*** Block opens ***

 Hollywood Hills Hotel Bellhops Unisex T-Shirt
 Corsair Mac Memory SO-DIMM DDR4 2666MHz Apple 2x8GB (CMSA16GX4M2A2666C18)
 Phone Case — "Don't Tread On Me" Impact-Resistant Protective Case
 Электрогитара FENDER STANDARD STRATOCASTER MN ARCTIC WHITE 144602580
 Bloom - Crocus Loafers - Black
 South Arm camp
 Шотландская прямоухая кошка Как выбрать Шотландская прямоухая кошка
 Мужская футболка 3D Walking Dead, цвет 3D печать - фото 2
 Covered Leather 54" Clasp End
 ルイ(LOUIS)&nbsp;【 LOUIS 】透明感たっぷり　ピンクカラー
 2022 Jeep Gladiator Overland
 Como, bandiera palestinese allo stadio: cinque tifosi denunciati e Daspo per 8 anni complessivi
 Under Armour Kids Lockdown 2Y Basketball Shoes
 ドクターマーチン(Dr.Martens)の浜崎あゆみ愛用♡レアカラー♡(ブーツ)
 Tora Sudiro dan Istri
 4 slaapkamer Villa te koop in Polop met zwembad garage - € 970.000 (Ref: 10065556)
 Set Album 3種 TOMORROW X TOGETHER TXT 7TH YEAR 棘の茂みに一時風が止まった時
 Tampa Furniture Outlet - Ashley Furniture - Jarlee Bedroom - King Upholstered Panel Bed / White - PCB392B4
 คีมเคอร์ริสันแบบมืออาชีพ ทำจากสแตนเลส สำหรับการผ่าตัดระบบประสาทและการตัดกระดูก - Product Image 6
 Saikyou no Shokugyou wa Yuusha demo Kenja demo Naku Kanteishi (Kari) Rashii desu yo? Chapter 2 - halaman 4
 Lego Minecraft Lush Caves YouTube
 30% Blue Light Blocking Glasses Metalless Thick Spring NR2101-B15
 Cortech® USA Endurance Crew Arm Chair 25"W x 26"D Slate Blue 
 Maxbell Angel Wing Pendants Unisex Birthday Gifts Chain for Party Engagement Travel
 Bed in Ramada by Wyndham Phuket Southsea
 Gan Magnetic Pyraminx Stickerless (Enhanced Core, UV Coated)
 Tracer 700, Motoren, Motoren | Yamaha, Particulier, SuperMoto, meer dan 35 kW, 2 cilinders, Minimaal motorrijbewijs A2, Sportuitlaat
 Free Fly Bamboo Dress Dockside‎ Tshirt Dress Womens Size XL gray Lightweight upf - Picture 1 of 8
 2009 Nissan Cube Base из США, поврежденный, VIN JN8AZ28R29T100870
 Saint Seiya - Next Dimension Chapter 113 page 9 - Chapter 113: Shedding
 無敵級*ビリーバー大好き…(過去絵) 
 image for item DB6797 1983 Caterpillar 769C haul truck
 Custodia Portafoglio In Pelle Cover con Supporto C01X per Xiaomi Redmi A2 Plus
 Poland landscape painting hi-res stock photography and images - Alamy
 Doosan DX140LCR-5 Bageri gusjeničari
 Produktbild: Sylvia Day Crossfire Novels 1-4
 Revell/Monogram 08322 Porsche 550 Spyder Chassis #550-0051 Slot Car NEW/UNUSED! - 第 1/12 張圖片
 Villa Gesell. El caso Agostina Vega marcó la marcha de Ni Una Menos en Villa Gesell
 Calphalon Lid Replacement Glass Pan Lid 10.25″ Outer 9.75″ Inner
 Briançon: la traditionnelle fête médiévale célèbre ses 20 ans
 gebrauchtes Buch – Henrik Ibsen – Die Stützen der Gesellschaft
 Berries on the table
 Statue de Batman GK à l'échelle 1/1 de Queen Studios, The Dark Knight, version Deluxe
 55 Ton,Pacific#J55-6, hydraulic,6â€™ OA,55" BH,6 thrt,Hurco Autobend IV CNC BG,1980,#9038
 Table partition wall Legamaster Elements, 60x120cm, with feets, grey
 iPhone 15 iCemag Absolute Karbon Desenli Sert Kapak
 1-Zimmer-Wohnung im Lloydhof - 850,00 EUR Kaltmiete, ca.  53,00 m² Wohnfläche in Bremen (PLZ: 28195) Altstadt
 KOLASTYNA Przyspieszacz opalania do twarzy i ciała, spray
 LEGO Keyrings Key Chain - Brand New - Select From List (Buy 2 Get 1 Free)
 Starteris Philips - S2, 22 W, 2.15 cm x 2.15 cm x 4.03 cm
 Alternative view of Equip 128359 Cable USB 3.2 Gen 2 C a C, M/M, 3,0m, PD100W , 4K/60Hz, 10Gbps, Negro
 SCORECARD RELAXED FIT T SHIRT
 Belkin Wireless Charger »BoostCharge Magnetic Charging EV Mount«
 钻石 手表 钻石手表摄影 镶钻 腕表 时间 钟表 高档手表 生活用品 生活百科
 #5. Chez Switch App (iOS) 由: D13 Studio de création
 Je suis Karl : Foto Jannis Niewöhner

*** Block closes ***

Return each line of the listing that holds the string "Chain".

**Task solution:**
 Maxbell Angel Wing Pendants Unisex Birthday Gifts Chain for Party Engagement Travel
 LEGO Keyrings Key Chain - Brand New - Select From List (Buy 2 Get 1 Free)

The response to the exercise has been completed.